Computing and network technologies have transformed many aspects of everyday life. Computers have become household staples rather than luxuries, educational tools and/or entertainment centers, and provide individuals and corporations with tools to manage and forecast finances, control operations such as heating, cooling, lighting and security, and store records and images in a permanent and reliable medium. Networking technologies like the Internet provide individuals virtually unlimited access to remote systems, information and associated applications.
As computing and network technologies have evolved and have become more robust, secure and reliable, more consumers, wholesalers, retailers, entrepreneurs, educational institutions and the like are shifting paradigms and are employing the Internet to perform business rather traditional means. For example, today consumers can access their bank accounts on-line (e.g., via the Internet) and can perform an ever growing number of banking transactions such as balance inquiries, fund transfers, bill payments, and the like.
Typically, an on-line session can include individuals interfacing with client applications (e.g., web services) to interact with a database server that stores information in a database accessible to client applications. For instance, a stock market web site can provide users with tools to retrieve stock quotes and purchase stock. Users can enter stock symbols and request stock quotes by performing mouse clicks to activate a query. Client applications can then query databases containing stock information and return appropriate stock quotes. Users, based on returned stock quote information, can thereafter purchase or sell stocks by supplying suitable information, wherein submitting buy or sell orders initiate database queries to return current pricing information and order status.

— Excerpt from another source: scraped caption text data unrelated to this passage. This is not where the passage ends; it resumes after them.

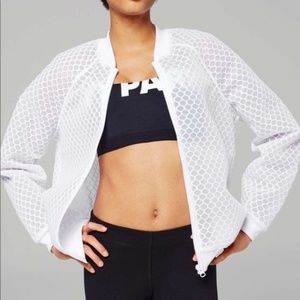 Ivy Park White Hexagon Mesh Bomber Jacket Size XS
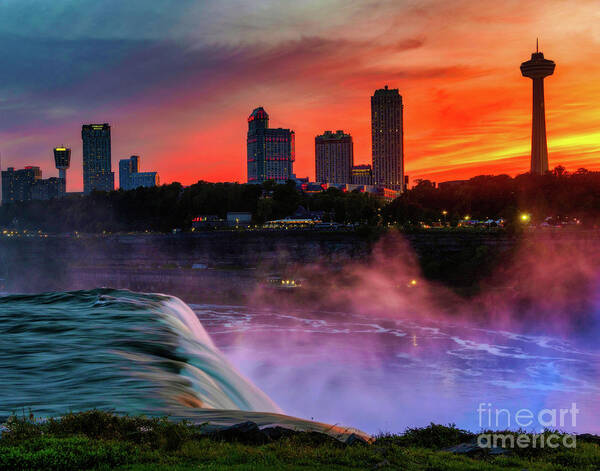 Niagara Falls Poster featuring the photograph Sunset over the falls by Izet Kapetanovic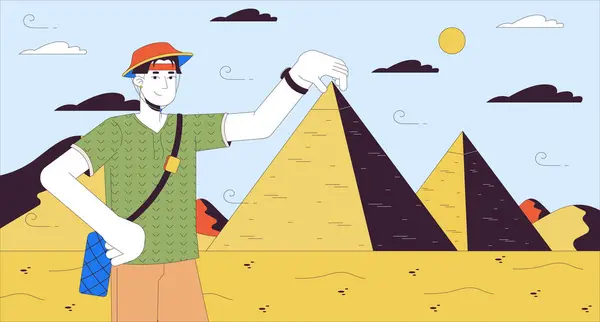 Ägypten Pyramiden Sightseeing Cartoon Flache Illustration Urlaub Touristischen Asiatischen Mann — Stockvektor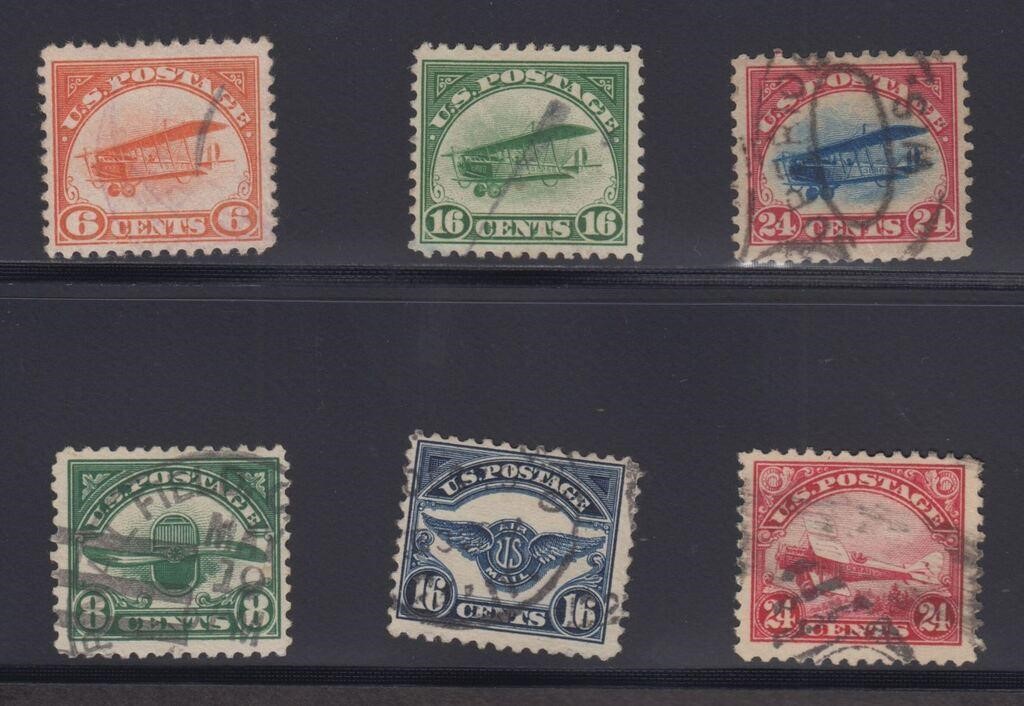 US Stamps #C1-6 Used slight faults, fresh, attract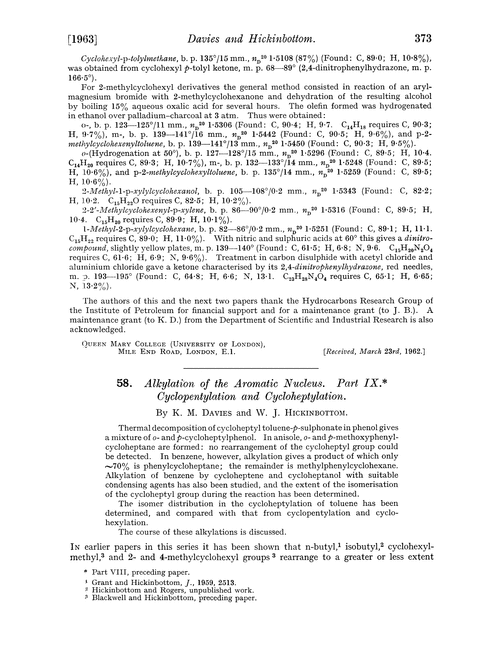 58. Alkylation of the aromatic nucleus. Part IX. Cyclopentylation and cycloheptylation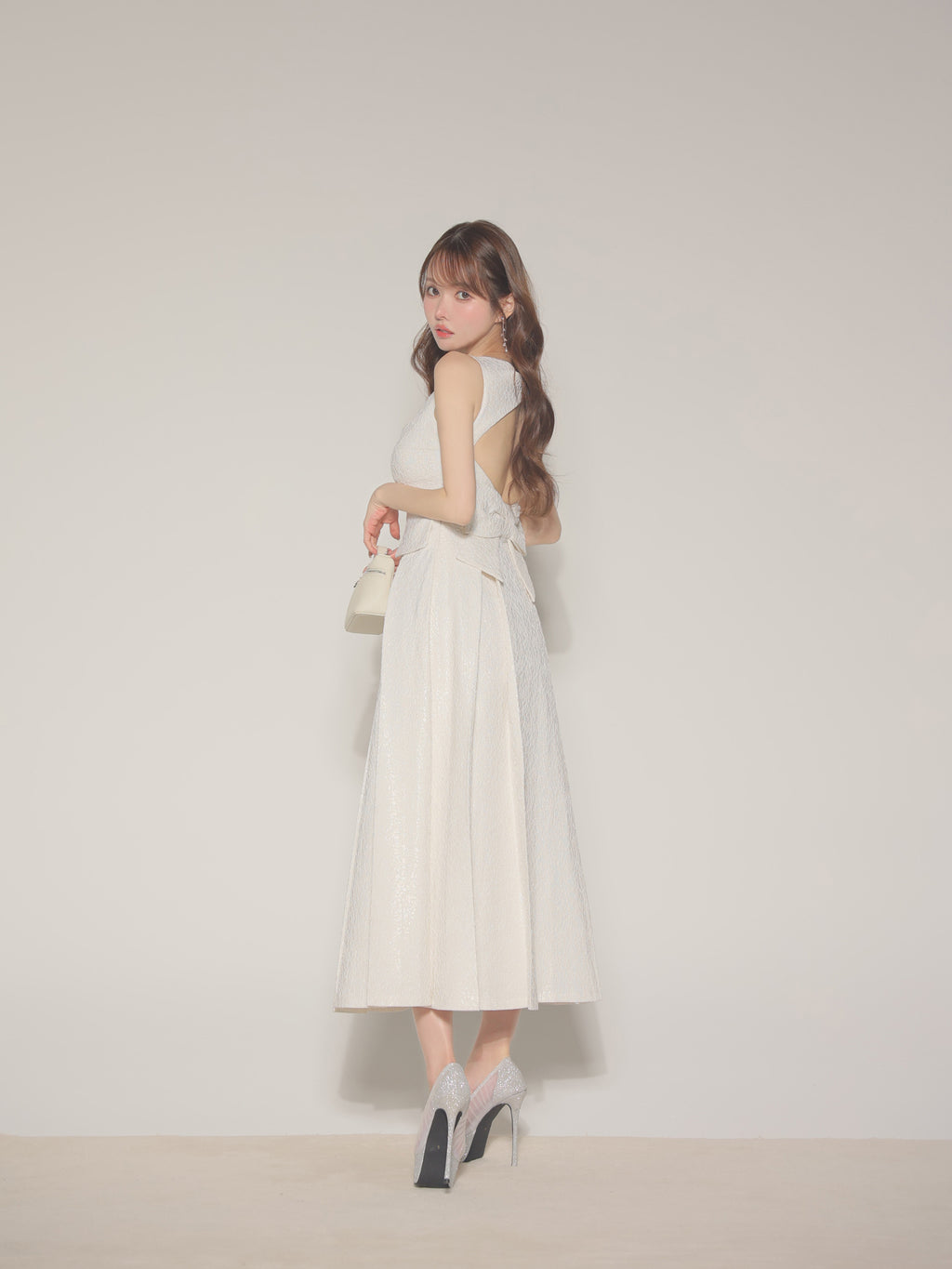【Lサイズあり】charmer jacquard back ribbon long dress(LF4635)
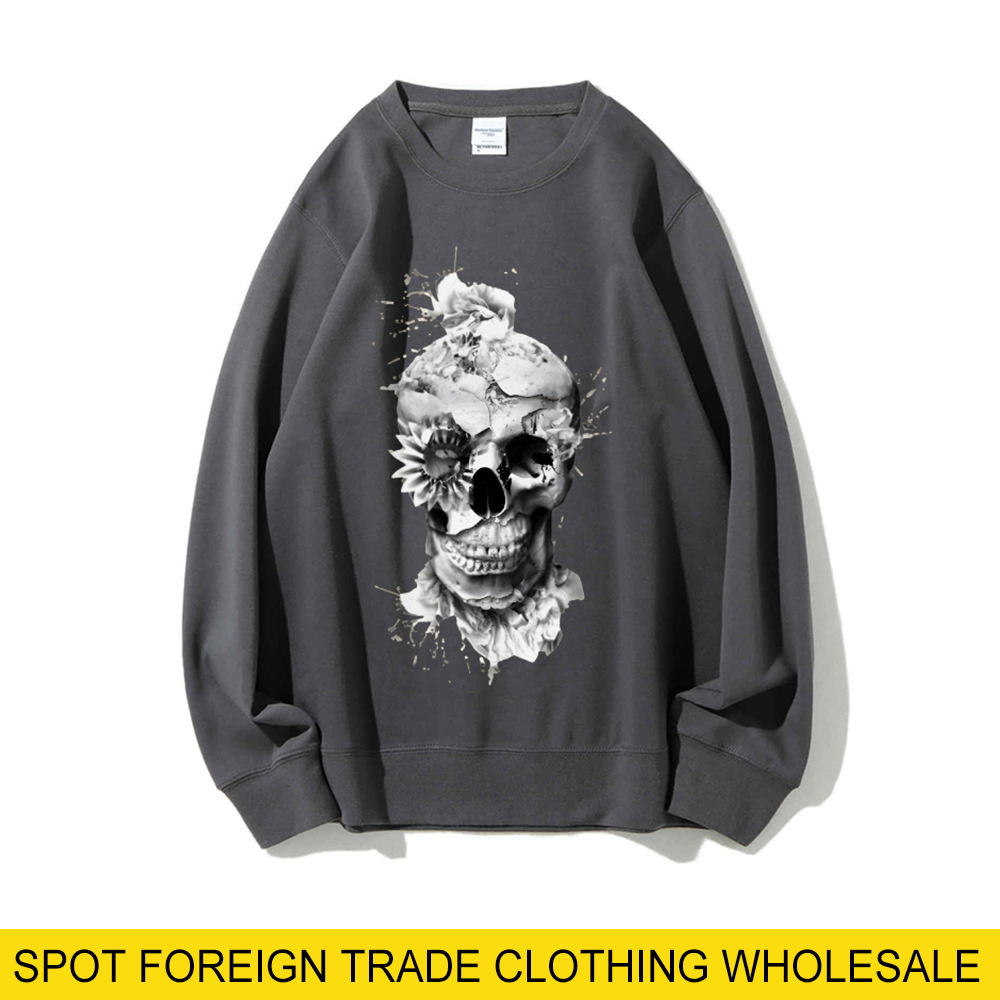 Skull Print Oversized Sweatshi – Oversized Crewneck Fleece recenzja i cena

When provided with collections of sets, set-similarity joins are capable of identifying all pairs of sets, one from each collection, that have high overlap. Set-similarity Joins (SSJoins) are a useful primitive that can be employed to implement similarity joins involving other types of data, and has numerous applications. However, to date, implementation of set-similarity joins has been deficient in that such implementations have not always produced exact answers and/or have not provided precise performance guarantees. Rather previous implementations have either been probabilistically approximate with performance guarantees, or exact but without performance guarantees. As such, probabilistically approximate approaches can miss some output pairs with a small probability, while exact techniques always produce the correct answer but without appropriate performance guarantees.